Thats a sharp looking pipe. I've been really thinking about buying a Boswell, and that may have been the one that would have sealed the deal if I saw it on their page.


----------



## davejr (Oct 20, 2008)

I have lurked in this forum for some time, I think that this thread is a good place for me to speak up. As part of my vacation, I was at Boswell's this past summer and everyone there was very friendly. That day I purchased four Boswell pipes and after talking to J.M. a while I asked him to make a custom pipe for me. It came in last week and I can say I was very impressed with his quality and craftsmanship. I would not trade a pipe rack of Dunhill's for my newest Boswell. I have not smoked it yet but if it is as good as the others that I have from Boswell then I will not disappointed.


----------



## jeromy (Oct 16, 2008)

davejr said:


> I have lurked in this forum for some time, I think that this thread is a good place for me to speak up. As part of my vacation, I was at Boswell's this past summer and everyone there was very friendly. That day I purchased four Boswell pipes and after talking to J.M. a while I asked him to make a custom pipe for me. It came in last week and I can say I was very impressed with his quality and craftsmanship. I would not trade a pipe rack of Dunhill's for my newest Boswell. I have not smoked it yet but if it is as good as the others that I have from Boswell then I will not disappointed.
> 
> View attachment 9885


wow, pretty nice! thanks for shareing that.


----------



## Corn Mouth (Jun 12, 2008)

Not sure where else to ask but do they sell their tobaccos to other tobacconist? I want to be able to buy their tobaccos at a B&M but none around me carry them so I was just curious.


----------



## Blaylock-cl (Apr 28, 2006)

*Heads-up*

Site says an update of new pipes will be listed TODAY.

Fri. 11/07/08

http://www.boswellpipes.com/index.html


----------



## Big D KC (Oct 21, 2008)

They sure dont last!! 

I was watching the page, updating every few minutes earlier this morning and watching them drop one by one!

I didn't see anything that really tickled my fancy this go around. I decided to send them an email to see if they may have something in the shop closer to what I would like.


----------



## Blaylock-cl (Apr 28, 2006)

Yep...anymore it's like dialing in to win concert tickets on a radio station. 

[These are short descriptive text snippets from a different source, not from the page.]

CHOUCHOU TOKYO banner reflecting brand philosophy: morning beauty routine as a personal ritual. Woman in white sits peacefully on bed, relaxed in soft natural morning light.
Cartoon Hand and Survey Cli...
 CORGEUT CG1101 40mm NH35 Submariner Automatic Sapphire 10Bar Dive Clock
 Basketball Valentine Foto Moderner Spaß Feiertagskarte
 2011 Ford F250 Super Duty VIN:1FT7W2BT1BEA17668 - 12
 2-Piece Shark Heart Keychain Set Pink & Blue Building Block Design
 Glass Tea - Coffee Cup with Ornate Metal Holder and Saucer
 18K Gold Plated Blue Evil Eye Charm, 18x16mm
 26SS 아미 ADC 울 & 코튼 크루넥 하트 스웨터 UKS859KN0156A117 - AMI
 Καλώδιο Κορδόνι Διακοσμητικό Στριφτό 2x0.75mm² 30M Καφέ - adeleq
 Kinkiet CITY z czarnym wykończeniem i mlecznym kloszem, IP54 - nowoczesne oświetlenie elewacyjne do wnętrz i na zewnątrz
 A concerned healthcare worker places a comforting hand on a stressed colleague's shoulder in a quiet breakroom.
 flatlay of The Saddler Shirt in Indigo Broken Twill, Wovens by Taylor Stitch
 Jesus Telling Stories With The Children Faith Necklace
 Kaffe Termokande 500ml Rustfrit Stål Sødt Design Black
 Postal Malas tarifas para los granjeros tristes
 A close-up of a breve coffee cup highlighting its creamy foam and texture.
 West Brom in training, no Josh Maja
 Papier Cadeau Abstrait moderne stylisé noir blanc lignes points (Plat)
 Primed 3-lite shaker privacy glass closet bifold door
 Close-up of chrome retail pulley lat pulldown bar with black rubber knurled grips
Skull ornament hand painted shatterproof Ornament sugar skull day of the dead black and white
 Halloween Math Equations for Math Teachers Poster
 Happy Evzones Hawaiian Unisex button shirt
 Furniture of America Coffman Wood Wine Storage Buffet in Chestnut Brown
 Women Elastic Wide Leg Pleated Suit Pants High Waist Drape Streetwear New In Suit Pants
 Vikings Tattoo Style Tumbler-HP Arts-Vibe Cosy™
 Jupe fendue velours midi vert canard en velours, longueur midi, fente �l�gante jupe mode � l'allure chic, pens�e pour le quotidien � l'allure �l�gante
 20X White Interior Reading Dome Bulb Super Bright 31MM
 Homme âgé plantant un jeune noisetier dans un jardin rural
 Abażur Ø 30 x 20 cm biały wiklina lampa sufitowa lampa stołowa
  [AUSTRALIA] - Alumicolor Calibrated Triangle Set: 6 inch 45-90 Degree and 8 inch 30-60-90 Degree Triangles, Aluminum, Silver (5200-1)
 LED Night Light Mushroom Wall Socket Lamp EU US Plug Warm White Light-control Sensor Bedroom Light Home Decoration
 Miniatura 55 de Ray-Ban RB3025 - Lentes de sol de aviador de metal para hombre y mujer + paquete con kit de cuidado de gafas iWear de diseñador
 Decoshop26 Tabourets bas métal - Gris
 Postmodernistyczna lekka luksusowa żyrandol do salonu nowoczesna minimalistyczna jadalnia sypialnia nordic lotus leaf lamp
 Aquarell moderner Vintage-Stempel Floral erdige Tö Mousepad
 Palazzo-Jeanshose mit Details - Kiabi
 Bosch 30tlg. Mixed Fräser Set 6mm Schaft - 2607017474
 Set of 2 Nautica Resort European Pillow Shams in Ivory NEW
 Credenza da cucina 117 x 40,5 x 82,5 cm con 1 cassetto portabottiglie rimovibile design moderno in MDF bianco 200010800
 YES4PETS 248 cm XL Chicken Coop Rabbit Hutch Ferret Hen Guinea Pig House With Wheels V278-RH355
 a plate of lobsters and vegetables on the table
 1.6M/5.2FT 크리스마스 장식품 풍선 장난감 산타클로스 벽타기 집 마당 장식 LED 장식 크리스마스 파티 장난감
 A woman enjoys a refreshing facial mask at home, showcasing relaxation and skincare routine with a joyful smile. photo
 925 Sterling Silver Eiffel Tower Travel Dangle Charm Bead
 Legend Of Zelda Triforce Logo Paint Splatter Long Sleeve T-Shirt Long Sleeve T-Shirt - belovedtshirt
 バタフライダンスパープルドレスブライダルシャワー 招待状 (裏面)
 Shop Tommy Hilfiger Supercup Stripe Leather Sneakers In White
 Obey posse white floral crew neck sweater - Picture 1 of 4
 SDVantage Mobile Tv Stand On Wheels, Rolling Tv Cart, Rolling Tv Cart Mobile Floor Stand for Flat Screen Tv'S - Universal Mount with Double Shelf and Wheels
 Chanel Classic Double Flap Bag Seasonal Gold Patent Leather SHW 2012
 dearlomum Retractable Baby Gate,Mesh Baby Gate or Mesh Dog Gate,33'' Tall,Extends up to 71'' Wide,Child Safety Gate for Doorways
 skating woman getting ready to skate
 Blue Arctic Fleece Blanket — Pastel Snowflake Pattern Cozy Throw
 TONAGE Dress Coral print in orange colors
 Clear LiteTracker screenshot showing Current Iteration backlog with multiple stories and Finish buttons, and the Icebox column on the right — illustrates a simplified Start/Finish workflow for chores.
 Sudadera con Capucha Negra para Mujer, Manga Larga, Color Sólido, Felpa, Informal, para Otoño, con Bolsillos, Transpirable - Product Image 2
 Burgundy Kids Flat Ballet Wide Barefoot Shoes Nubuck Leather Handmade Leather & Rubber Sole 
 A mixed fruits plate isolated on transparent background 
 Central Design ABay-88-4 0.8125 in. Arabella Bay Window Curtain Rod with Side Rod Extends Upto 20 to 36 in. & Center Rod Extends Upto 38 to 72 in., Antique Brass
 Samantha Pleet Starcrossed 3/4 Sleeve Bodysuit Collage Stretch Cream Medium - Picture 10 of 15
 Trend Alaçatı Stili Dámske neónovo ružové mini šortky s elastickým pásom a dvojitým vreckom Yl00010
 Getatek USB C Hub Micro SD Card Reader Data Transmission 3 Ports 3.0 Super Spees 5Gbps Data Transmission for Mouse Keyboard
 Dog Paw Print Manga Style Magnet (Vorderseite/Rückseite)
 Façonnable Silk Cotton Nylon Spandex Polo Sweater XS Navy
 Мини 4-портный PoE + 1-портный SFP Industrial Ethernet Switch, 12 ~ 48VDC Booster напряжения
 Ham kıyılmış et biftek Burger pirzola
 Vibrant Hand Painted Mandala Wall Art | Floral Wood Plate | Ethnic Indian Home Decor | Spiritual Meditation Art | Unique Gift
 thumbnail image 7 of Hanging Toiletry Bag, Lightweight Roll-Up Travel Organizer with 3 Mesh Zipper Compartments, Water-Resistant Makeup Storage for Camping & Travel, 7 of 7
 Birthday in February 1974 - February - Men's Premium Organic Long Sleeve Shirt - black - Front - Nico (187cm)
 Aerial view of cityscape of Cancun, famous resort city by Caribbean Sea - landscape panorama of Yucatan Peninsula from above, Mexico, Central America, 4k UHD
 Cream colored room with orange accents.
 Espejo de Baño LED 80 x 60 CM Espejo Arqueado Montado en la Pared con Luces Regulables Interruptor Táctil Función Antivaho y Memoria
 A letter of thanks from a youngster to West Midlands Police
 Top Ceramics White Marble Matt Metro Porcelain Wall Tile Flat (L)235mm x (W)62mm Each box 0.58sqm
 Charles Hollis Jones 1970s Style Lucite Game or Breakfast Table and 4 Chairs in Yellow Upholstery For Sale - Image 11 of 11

I think the best bet nowadays is to call and give them an idea of what you want...or perhaps a pipe similar to something on their site.


----------



## Big D KC (Oct 21, 2008)

Well I got a reply back from Gail, doesn't sound like they have anything currently that lines up with what I was hoping for. And as of now JM is not taking on any custom orders due to the holidays.. Guess I will have to watch and see if I can be caller number 8 myself if something turns up!  I'm not in huge hurry though, my b-day is in Feb so I might just wait around till then when the holidays is through, and have a custom one made for me.

This one is pretty much exactly what I want! Too bad I didn't see it till it was long since sold! Great price too! 

:dr
http://www.boswellpipes.com/bosestate911nosewarmer.htm


----------



## Nabinger16 (Aug 24, 2007)

Big D KC said:


> This one is pretty much exactly what I want! Too bad I didn't see it till it was long since sold! Great price too!
> 
> :dr
> http://www.boswellpipes.com/bosestate911nosewarmer.htm


I was eyeballing that one too, but like you said... long since sold!


----------



## Zapha (Nov 2, 2008)

I really like a lot of the Churchwardens they make. I'm thinking about stopping by there next time I have a reason to go so far, maybe next time I go up to Penn State I'll stop by on the way back...


----------



## Blaylock-cl (Apr 28, 2006)

Just a "heads-up". Some new pipes added today.

Welcome to Boswells

This ones nice:

They go quick! ipe:


----------



## dmkerr (Oct 27, 2008)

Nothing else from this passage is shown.